La crise sanitaire que nous traversons depuis plusieurs mois est venue précipiter les transformations de nos manières d’habiter. Le télétravail rendu quasi obligatoire et le temps accru passé chez soi sont de nouveaux indicateurs qui nous invitent sérieusement à trouver une nouvelle organisation spatiale, à repenser l’agencement de nos maisons pour laisser cohabiter vie familiale, sociale et professionnelle. Et si finalement tout cela s’installait durablement et qu’il y avait là une vraie mutation à engager dans l’organisation de nos maisons ?
Tout le monde n’a pas la chance d’avoir un bureau chez soi et bien à soi. Ou un espace ressource dans sa maison, dans lequel s’isoler. La situation se complexifie pour les plus mal logés qui travaillent dans des conditions peu adaptées : positionnement du corps qui amène à des tensions, enfants à la maison, vas et viens familiaux, aménagements sommaires non adaptés… Nous faisons face à un grand défi de transformer ces espaces personnels en espaces mixtes.
Souvent le partage de l’espace au sein de la maison, donne lieu à des ras le bol voire parfois à des situations comiques. Nombreux sont ceux qui se sentent perdus et m’avouent ne plus savoir où sont les frontières, frontières qui étaient jusqu’à présent très hermétiques entre les différents secteurs de vie .
Faut-il continuer à sectoriser de façon à ce que les parois soient si étanches que ce soit si douloureux quand on essaie de les bouger ? Ou s’acheminer vers plus de flexibilité y compris au sein de nos maisons en agençant l’espace de manière intelligente et souple.
Il a été observé lors du 1er confinement, que les gens se sont engagés à faire du tri chez eux, comme un vrai besoin de faire de la place et de se réapproprier leur espace intérieur, d’harmoniser la relation qui existent entre le corps physique, le corps familial et la maison. Comme pour laisser de la place à tous ces corps qui doivent désormais cohabiter habilement.

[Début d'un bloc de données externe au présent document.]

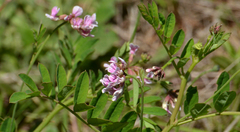 Hosackia rosea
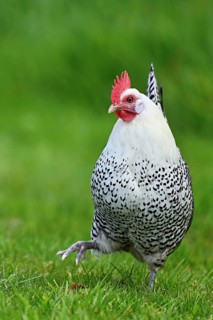 East Frisian Gull standing in a meadow, chicken breed with good utilisation characteristics, Texel,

La société nous pousse à consommer, à accumuler des objets inutiles, à posséder sans plus y faire attention.
« Le chez soi est un dialogue entre l’être et l’avoir , la situation actuelle remet en lumière la question de l’être que l’on avait un peu négligée » .Pascal DRYER
La question de l’être est centrale dans notre relation à la maison. Mais c’est comme si elle disparaissait car le se loger à pris le dessus sur habiter.
Et si cette crise permettait de faire apparaitre l’entièreté de l’être dans toutes ses dimensions ? Et s’il n’était plus nécessaire d’être morcelé ? Et si elle nous offrait la possibilité de laisser vivre une identité pleine et entière qui abriterait travail, famille, lien social ? Comme une unification de qui nous sommes. Ceci en repensant intelligemment notre manière d’habiter, à la manière d’Eidegger et de Paquot : comme notre capacité d’être présent au monde. Avoir été coupé en quelque sorte du lien social dans lequel nous projetions notre extériorité, nous invite à repenser notre intériorité ainsi que l’agencement et l’évolution au sein de nos propres habitations. En un mot, tendre vers du flexi-housing.
Le logement flexible est un logement qui s’adapte aux besoins changeants de l’utilisateur et aux nouvelles technologies à mesure qu’elles émergent. Mais au-delà de la transmutation de nos maisons du point de vue habitationel et fonctionnel, il s’agit bien de comprendre le flexi-housing comme une manière d’être chez soi qui laissera cohabiter avec souplesse nos vies riches et denses.
Le flexi-housing fait la part belle à l’agencement, l’aménagement, la décoration, le zoning, etc … C’est essentiel, en effet, mais pas que ! Pour autant je suis convaincue que cela doit s’accompagner d’une démarche de transformation personnelle, pour réconcilier les différentes facettes de nos existences et enfin reconquérir son propre espace intérieur.